### ACTIVITY:
Nothing but the images should be left out when the entries are restated word for word.

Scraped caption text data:

========

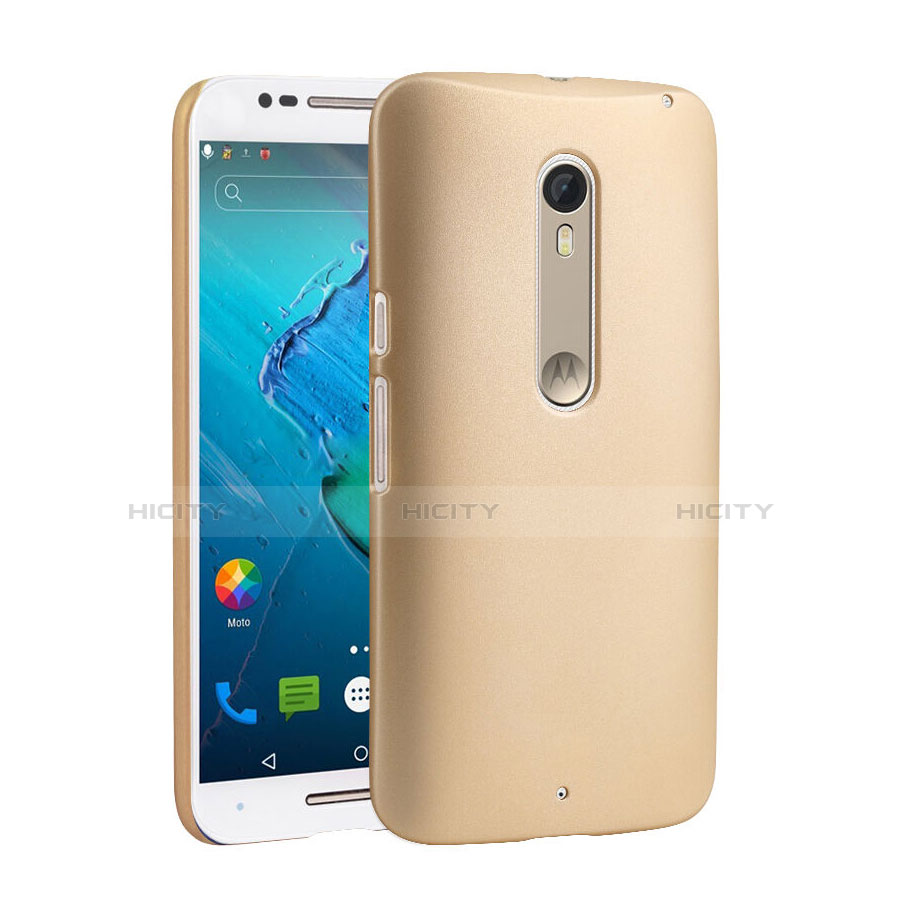 Funda Dura Plastico Rigida Mate para Motorola Moto X Style Oro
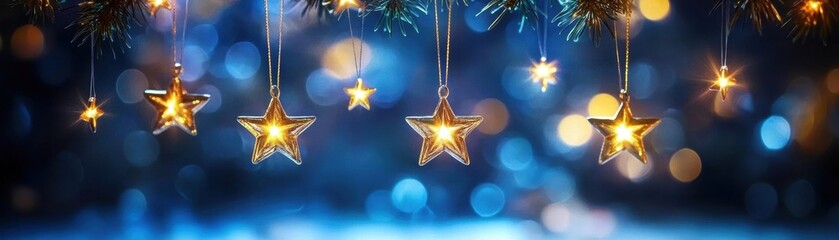 Poster - Golden stars sparkle against a dreamy blue background, creating a magical holiday atmosphere of warmth and joy.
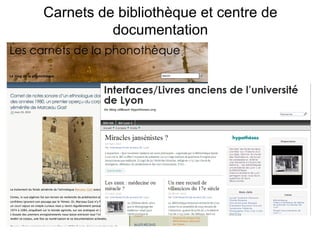 Carnets de bibliothèque et centre de documentation 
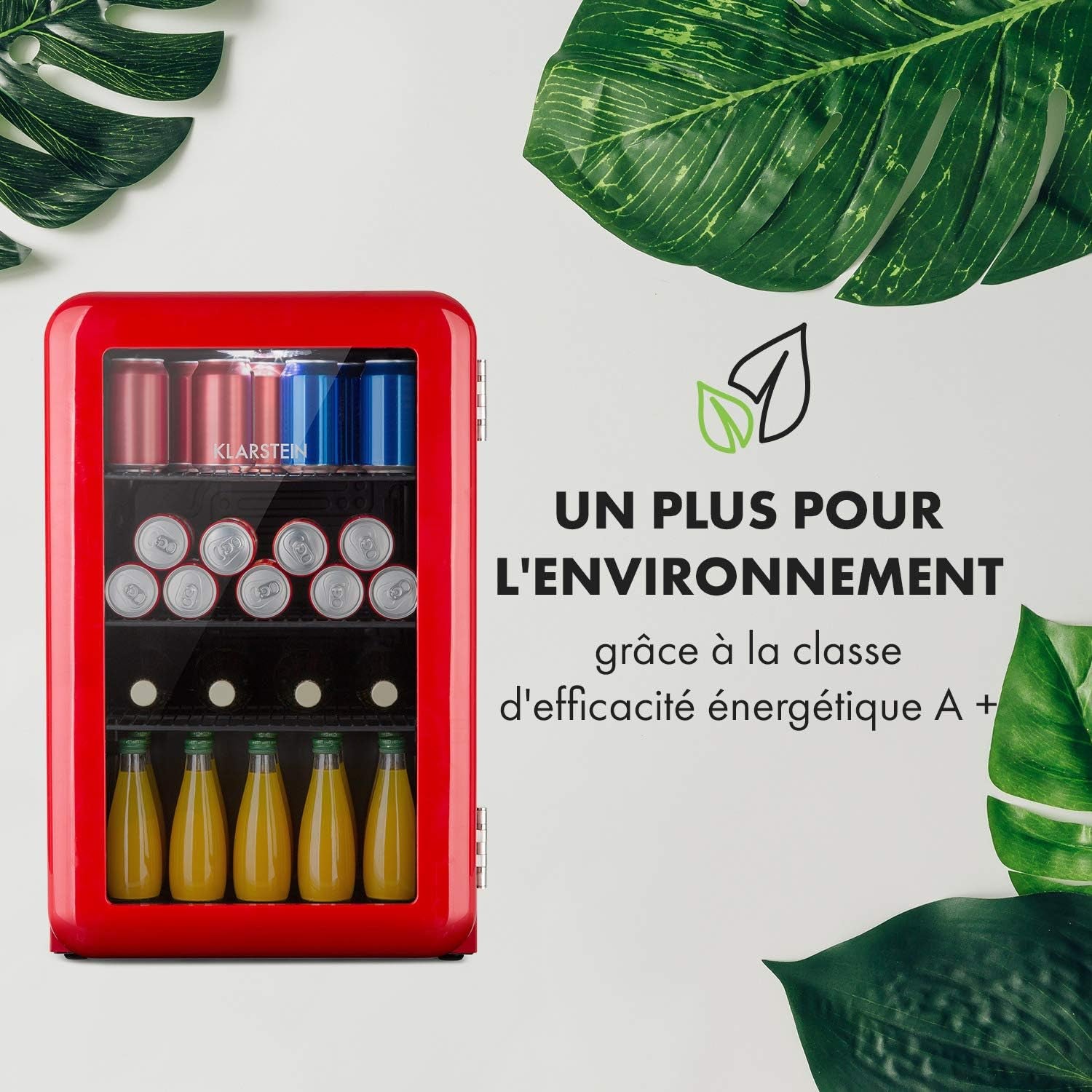 Poplife Refroidisseur De Boissons - Mini-Bar, Réfrigérateur Rétro, 0-10°C, Seulement 39 Db, 70 L, Écologique, Porte À Double Vitrage, Design Rétro, Rouge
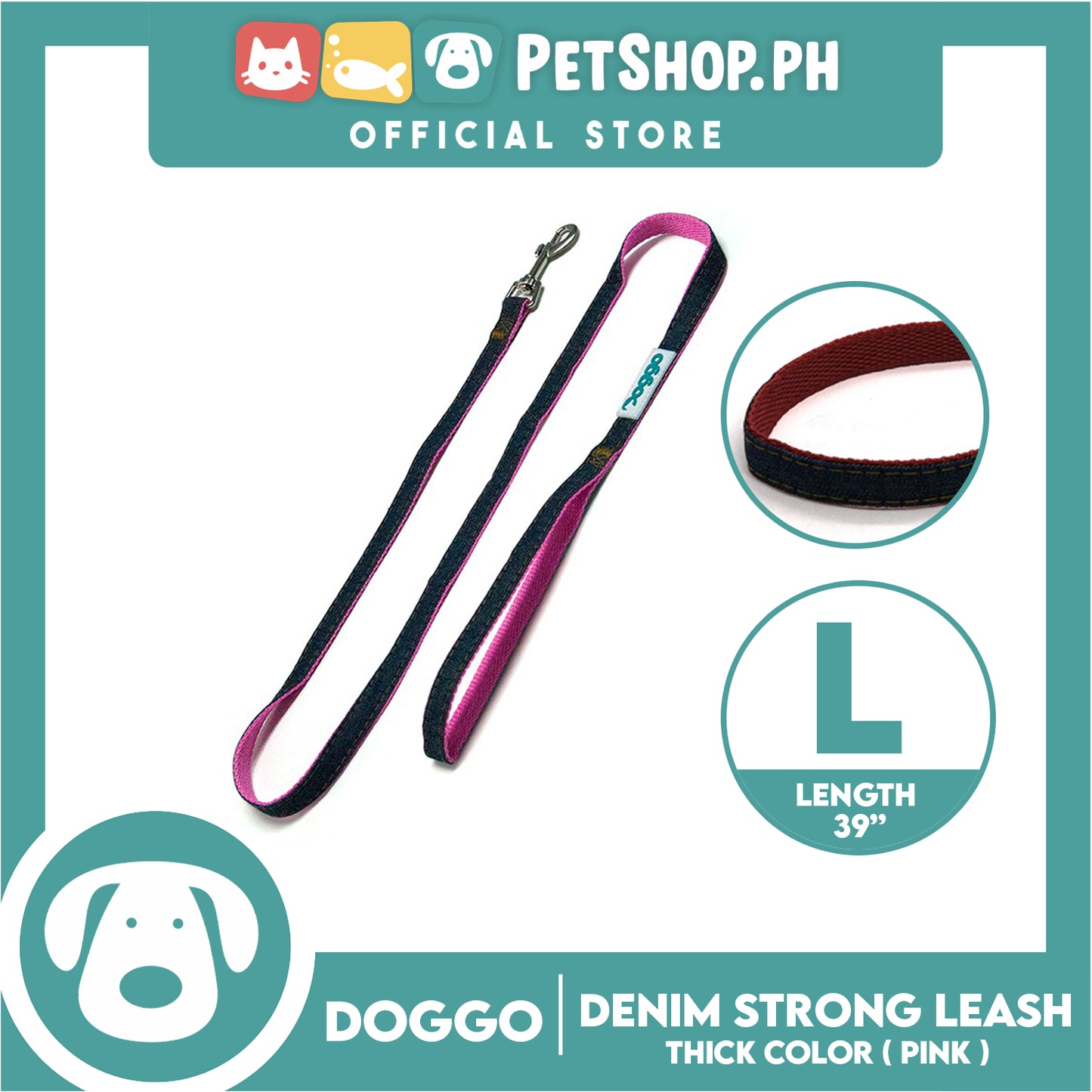 Doggo Strong Leash Denim Design Large (Pink) for Your Dog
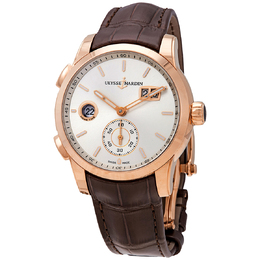 Pre-owned Ulysse Nardin Dual Time GMT Silver Dial Mens Watch, Model 3346-126/91
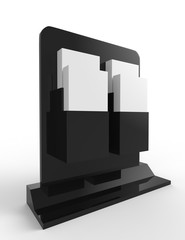 Flyer holder box  for customisation 3d illustration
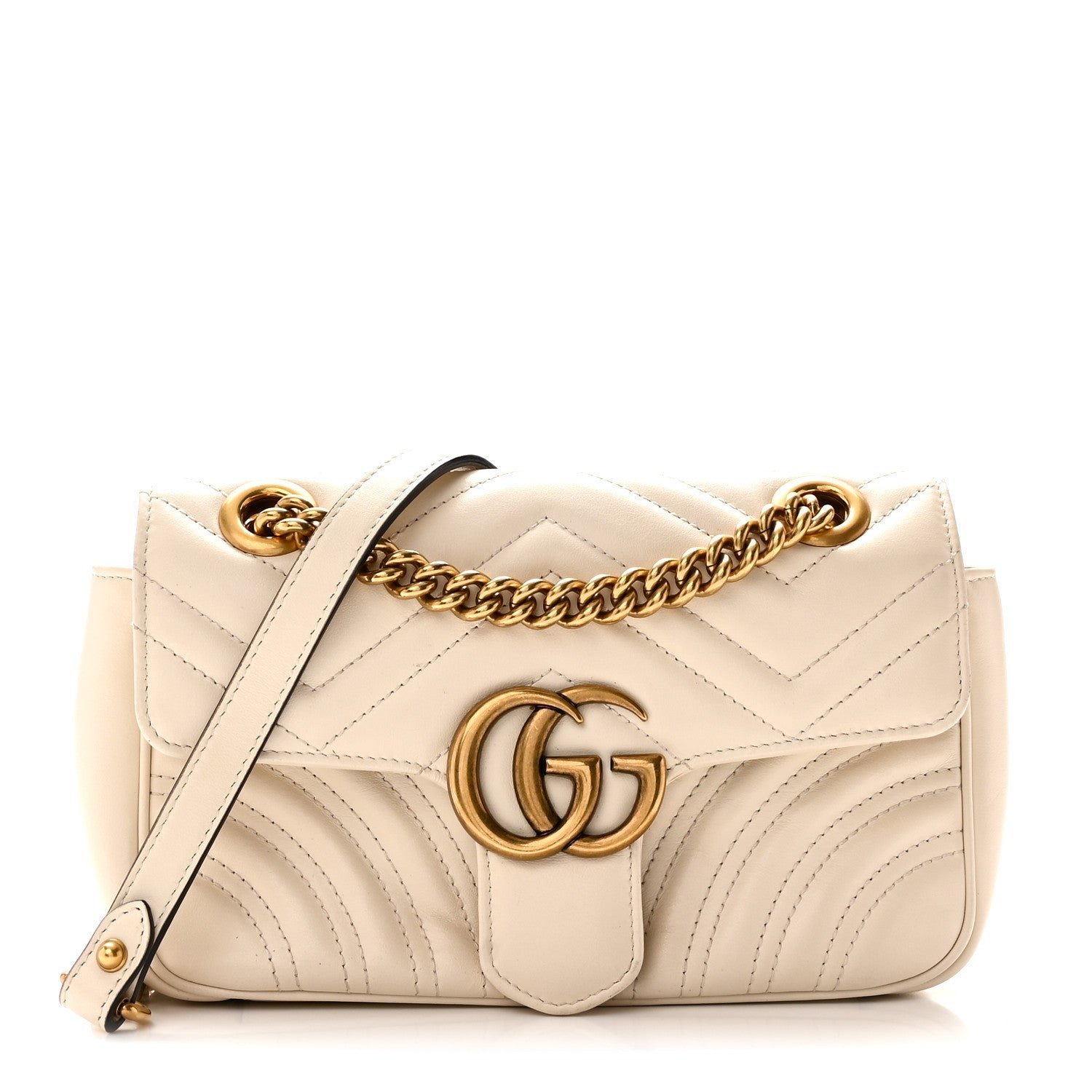 Gucci Calfskin Matelasse Mini GG Marmont Shoulder Bag White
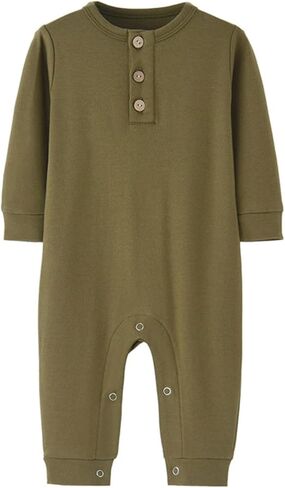 Kids Onesie Shirts Long Sleeve Button Up Casual Solid Color Comfort Soft Blouses Boy Girls Clothes in Saudi Arabia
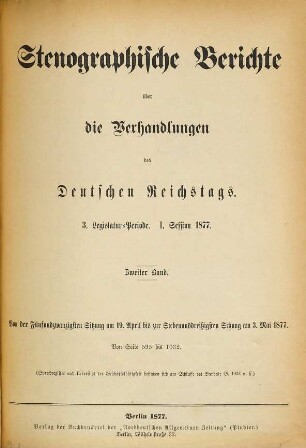 Verhandlungen des Reichstages. Stenographische Berichte. 45. 1877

========

### ANSWER AREA:
 Funda Dura Plastico Rigida Mate para Motorola Moto X Style Oro
 Poster - Golden stars sparkle against a dreamy blue background, creating a magical holiday atmosphere of warmth and joy.
 Carnets de bibliothèque et centre de documentation 
 Poplife Refroidisseur De Boissons - Mini-Bar, Réfrigérateur Rétro, 0-10°C, Seulement 39 Db, 70 L, Écologique, Porte À Double Vitrage, Design Rétro, Rouge
 Doggo Strong Leash Denim Design Large (Pink) for Your Dog
 Pre-owned Ulysse Nardin Dual Time GMT Silver Dial Mens Watch, Model 3346-126/91
 Flyer holder box  for customisation 3d illustration
 Gucci Calfskin Matelasse Mini GG Marmont Shoulder Bag White
 Kids Onesie Shirts Long Sleeve Button Up Casual Solid Color Comfort Soft Blouses Boy Girls Clothes in Saudi Arabia
 Verhandlungen des Reichstages. Stenographische Berichte. 45. 1877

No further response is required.